Ein Freier kauft sich nämlich das beste Pferd, führt es zum älterlichen Hause seiner Schönen, bindet es an die Thür und geht davon. Tags darauf wird das Pferd einer strengen Musterung unterworfen; wird es für gut und fehlerfrei befunden, so erfolgt eine Einladung, und die Sache wird bald zum Abschluß gebracht; wird aber das Mädchen höher geschätzt als das dargebrachte Pferd, so sind noch andere Geschenke nothwendig, um die Einwilligung des Vaters zu erlangen. So hat schon mancher reiche civilisirte Liebhaber auf diese einfache, billige Weise die schönste Jungfrau eines Stammes fortgeführt – aber John befand sich in einer mißlichen Lage. Er hatte den größten Theil seines mitgebrachten Vermögens für die übermäßigen Freuden des Branntweins und Tabacks ausgegeben, und es war ihm nun nicht mehr so viel übrig geblieben, um sich ein Pferd kaufen zu können, und das war schmerzlich! Ohne Pferd war keine Frau zu bekommen. Was war zu thun? Noch ein Monat mußte verstreichen, und man konnte wieder jagen.
John bedachte das, und als die ersehnte Zeit herangekommen war, verließ er seine Hütte, um den Löwen in seinen Höhlen, den Tiger in seinen Schluchten, den Biber in seinen Dämmen und die Antilope in ihren grasigen Ebenen aufzusuchen, und hoffte, durch seine mühevolle Anstrengung auf der Jagd in kurzer Zeit so viel zu erlangen, daß er seine rothhäutige Braut endlich heimführen könne. Die Arbeit vieler heißer Tage brachte in des Jägers Tasche einen guten Vorrath. Ottern und Biber wurden gefangen, Hirsche, Antilopen und Tiger erlegt, und der Erfolg krönte bald den unermüdlichen Eifer unseres Freundes John. So kam es auch, daß er eines Tages, nachdem er mit rastloser Ausdauer das Wild verfolgt und weite Strecken durchstrichen hatte, mit reicher Beute beladen, in seine Hütte zurückkehrte. Er legte seine Schätze in Sicherheit und ging von Neuem an das Werk, indem er einen ihm noch unbekannten Fußpfad verfolgte, der den abenteuerlichen Jäger in eine tiefe Waldschlucht geleitete, welche augenscheinlich in eine große Ebene mündete und deshalb viel Wild versprach. Als er so durch Dick und Dünn vorwärts drang und sich stellenweise den Weg mit seinem Jagdmesser bahnte, gelangte er an eine Lichtung, von welcher sich eine weite, unabsehbare Ebene ausdehnte.
Ein Ausruf seltsamer Verwunderung glitt über seine Lippen; er spähete einen Augenblick hinaus und kehrte wieder in den Wald zurück, um sich einem kurzen Nachdenken hinzugeben.
Um sein Benehmen zu erklären, muß ich eine eigenthümliche Sitte der Fisch-Kaffern erwähnen.
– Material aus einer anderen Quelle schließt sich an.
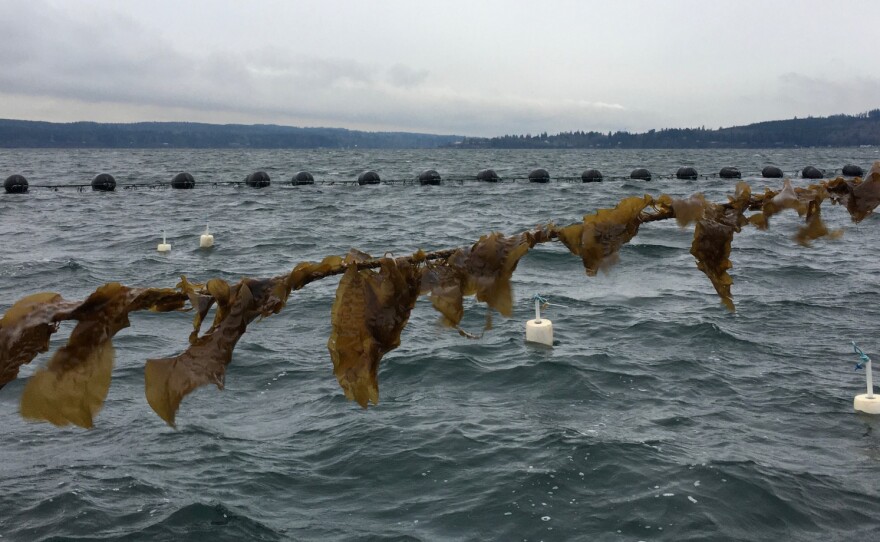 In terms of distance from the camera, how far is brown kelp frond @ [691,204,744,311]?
17.3 feet

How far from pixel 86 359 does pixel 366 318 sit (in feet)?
5.20

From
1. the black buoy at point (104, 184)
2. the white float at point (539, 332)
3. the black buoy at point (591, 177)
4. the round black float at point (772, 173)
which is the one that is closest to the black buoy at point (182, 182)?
the black buoy at point (104, 184)

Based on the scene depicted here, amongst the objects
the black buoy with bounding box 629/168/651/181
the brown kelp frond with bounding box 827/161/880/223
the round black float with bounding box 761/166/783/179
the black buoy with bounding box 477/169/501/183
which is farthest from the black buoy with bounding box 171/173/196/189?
the brown kelp frond with bounding box 827/161/880/223

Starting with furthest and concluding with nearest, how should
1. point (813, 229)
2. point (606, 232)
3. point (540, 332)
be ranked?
point (540, 332) < point (813, 229) < point (606, 232)

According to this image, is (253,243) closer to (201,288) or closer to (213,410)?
(213,410)

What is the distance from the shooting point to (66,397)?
4.10 metres

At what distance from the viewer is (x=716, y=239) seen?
210 inches

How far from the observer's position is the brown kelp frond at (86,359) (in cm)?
396

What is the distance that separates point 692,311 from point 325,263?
15.5 m

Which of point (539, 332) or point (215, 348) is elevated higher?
point (215, 348)

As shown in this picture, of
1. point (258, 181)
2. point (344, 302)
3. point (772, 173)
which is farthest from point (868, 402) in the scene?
point (772, 173)

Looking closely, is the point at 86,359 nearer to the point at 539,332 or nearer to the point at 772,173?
the point at 539,332

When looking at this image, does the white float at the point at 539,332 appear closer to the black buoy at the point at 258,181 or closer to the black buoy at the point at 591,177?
the black buoy at the point at 258,181

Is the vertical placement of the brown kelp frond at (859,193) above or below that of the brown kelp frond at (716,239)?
above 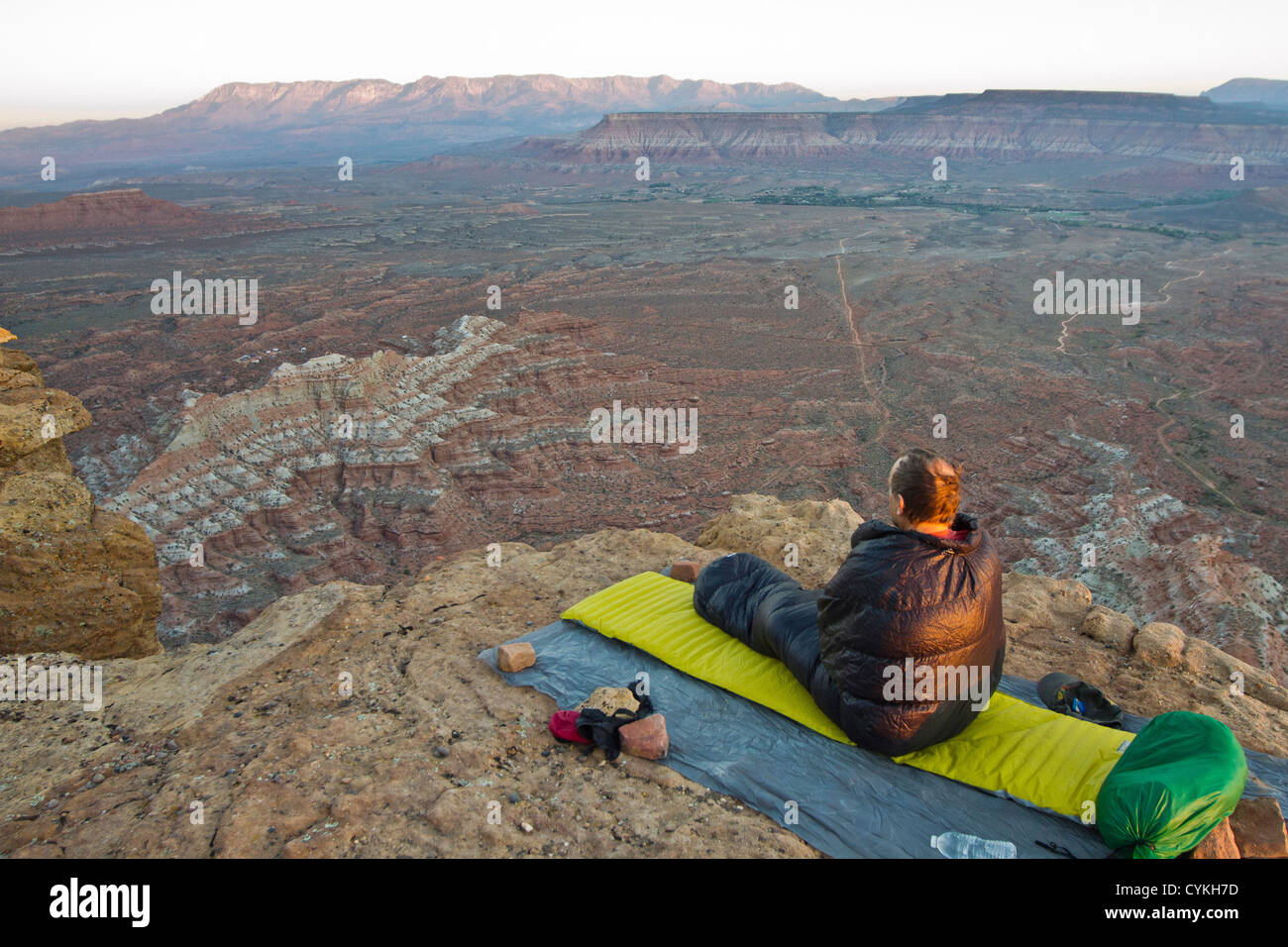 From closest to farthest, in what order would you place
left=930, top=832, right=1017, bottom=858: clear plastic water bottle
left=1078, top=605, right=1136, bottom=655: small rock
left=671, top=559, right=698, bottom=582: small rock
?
1. left=930, top=832, right=1017, bottom=858: clear plastic water bottle
2. left=1078, top=605, right=1136, bottom=655: small rock
3. left=671, top=559, right=698, bottom=582: small rock

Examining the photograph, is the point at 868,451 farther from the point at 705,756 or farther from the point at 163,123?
the point at 163,123

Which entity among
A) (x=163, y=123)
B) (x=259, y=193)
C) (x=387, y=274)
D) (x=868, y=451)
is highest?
(x=163, y=123)

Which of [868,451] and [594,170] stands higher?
[594,170]

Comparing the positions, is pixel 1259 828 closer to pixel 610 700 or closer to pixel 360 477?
pixel 610 700

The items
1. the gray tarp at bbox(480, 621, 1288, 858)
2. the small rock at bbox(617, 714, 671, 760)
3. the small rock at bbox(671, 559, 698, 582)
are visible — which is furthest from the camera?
the small rock at bbox(671, 559, 698, 582)

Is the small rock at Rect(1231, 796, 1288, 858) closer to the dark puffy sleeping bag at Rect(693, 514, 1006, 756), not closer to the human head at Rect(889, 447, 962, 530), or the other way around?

Kein junger Mann, selbst wenn sein Vater der tapferste Häuptling seines Stammes ist, darf sich in die Reihen der Krieger stellen oder sich in irgend einer Weise ihrer Rechte erfreuen, bevor er selbst nicht eine That von Muth und Unerschrockenheit vollführt und sich mit dem Blute seiner Feinde rühmlichst befleckt hat. Im Frühlinge versammeln sich alle Jünglinge auf einem abgelegenen freien Platze im Hochwalde, um dem „Morhunnu“, ihrem Kriegsgotte, einen Tempel zu errichten. Sie tragen junge schlanke Bäume zusammen, binden sie an ihren Kronen in Form einer kegelartigen Hütte an einander und bedecken sie mit Zweigen und Blättern aller Art. Der blutende Kopf eines Tigers, den sie so eben erlegt, Skalpe, Waffen und die Haut einer weißen Antilope werden als Opfer für den Gott innerhalb dieses Gebäudes aufgehängt, worauf gewisse Ceremonien, von denen das Rauchen aus der „Manocco-Co,“ der Friedenspfeife die wichtigste ist, verrichtet werden. Der Aelteste der jungen Männer stopft die Pfeife mit Tamariskenblättern und Cayennepfeffer, legt eine Kohle aus dem Feuer der Behausung Morhunnu’s darauf, zieht den Rauch ein und läßt ihn durch die Nase wieder heraus. Darauf wird die Erde mit dem Kopfe der Pfeife berührt, und unter wildtönenden Schlachtgesängen, welche von verschiedenen Ceremonien begleitet werden, macht die Pfeife die Runde. So gehen viele Tage unter Fasten und Tanzen vorüber, ehe sie zu ihren heldenmüthigen Unternehmungen in gehöriger Weise vorbereitet sind. Endlich verlassen sie den Tempel, und der qualvollste, grauenvollste Tod ist dessen unabänderliches Schicksal, der es wagt, während ihrer Abwesenheit den Tempel zu betreten oder ihn sonst auf eine Weise zu entheiligen: „denn Morhunnu’s Haus ist heilig und gefährlich, es zu entweihen.“ – Wehe dem Verwegenen, der einen Stein in die Oeffnung „der großen Grotte“ des Kriegsgottes würfe: der ungestüme Wind, Morhunnu’s Odem, der mit seinem ewigen Hauche den Eingang derselben bewacht, würde ihn mit dreifacher Gewalt zurückschleudern und die Frevelthat mit dem Tode des Frevlers bestrafen!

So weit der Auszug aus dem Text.